Idul Fithri Pertama Rasulullah saw


Terbenamnya sang mentari di ufuk barat pada akhir Ramadhan disambut dengan kumandangan kalimah takbir, tahlil dan tahmid oleh kaum Muslimin di seantero jagad. Kalimat-kalimat mulia itu sahut menyahut sampai mengantarkan kaum Muslimin ke tempat-tempat shalat’Id di hari yang mulia.

Kalimah takbir, tahlil dan tahmid yang diungkap dari sanubari yang terdalam sebagai manivestasi kesyukuran kepada Allah ‘Azza wa Jalla atas rahmat dan karunia-Nya yang demikian banyaknya. Syukur atas bimbingan dan hidayah-Nya sehingga kita dapat menyelesaikan tugas suci berpuasa sebulan Ramadhan.

Dan hendaklah kamu mencukupkan bilangannya dan hendaklah kamu mengagungkan Allah atas petunjuk-Nya yang diberikan kepadamu, supaya kamu bersyukur (al-Baqarah:185).

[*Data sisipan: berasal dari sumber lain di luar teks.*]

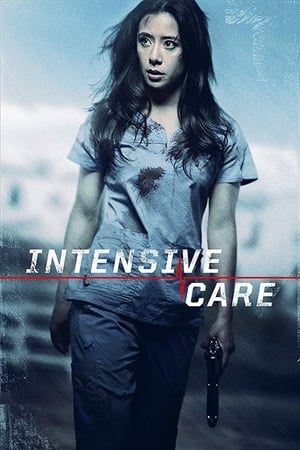 Intensive Care 2018 Hindi Dual Audio [980MB] HD Poster Download - Filmyzilla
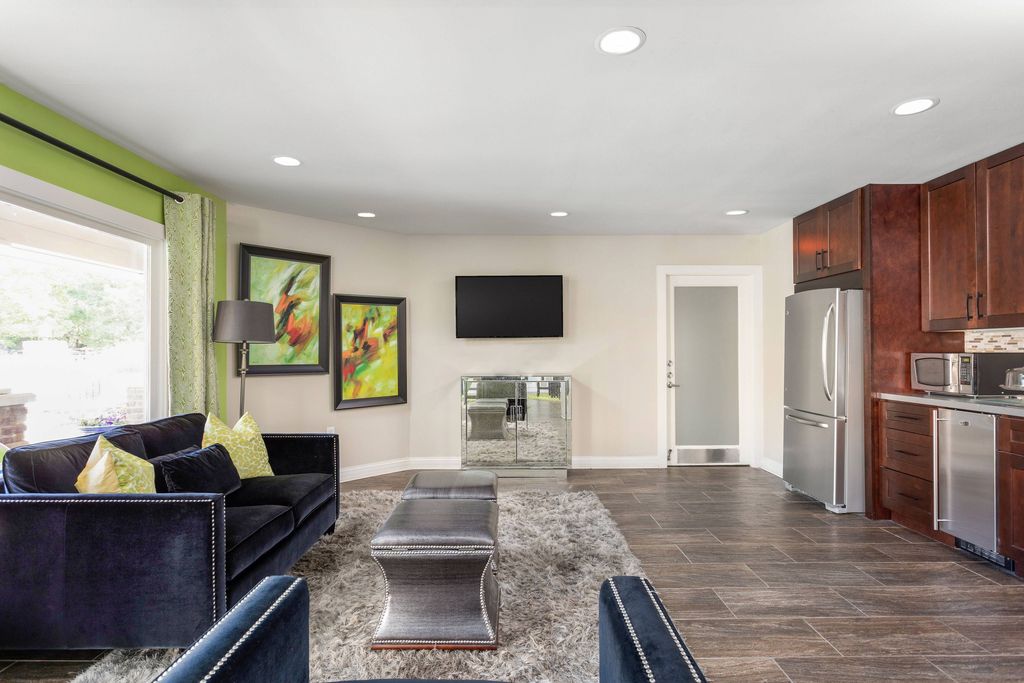 Brookside Apartments Louisville, KY Trulia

Kalimah takbir yang diucapkan merupakan cerminan keyakinan bahwa hanya Allah swt. sajalah yang Maha Besar, Sedang selain Allah kecil. Kecil kekuatannya. kecil kehebatannya. kecil pegetahuannya, kecil kekayaannya dan kecil segalanya. Meskipun mereka berkuasa. raja diraja,, polisi dunia, tapi kesemuanya itu tiada artinya bila dibandingkan dengan kemaha hebatan Allah ‘Azza wa Jalla. Sehingga seorang Muslim yang mengucapkan takbir dengan penghayatan yang mendalam akan menjadikan dirinya memiliki kepribadian yang besar, semangat yang besar dan cita-cita yang besar. Ia terjauh dari kekerdilan pribadi dan pesimisme. Sebab pemahamannya terhadap kalimah takbir, Allahu Akbar, mengantarkannya pada kedudukan yang mulia, mulia di sisi Allah swt. walaupun mungkin Sementara orang menghinakannya.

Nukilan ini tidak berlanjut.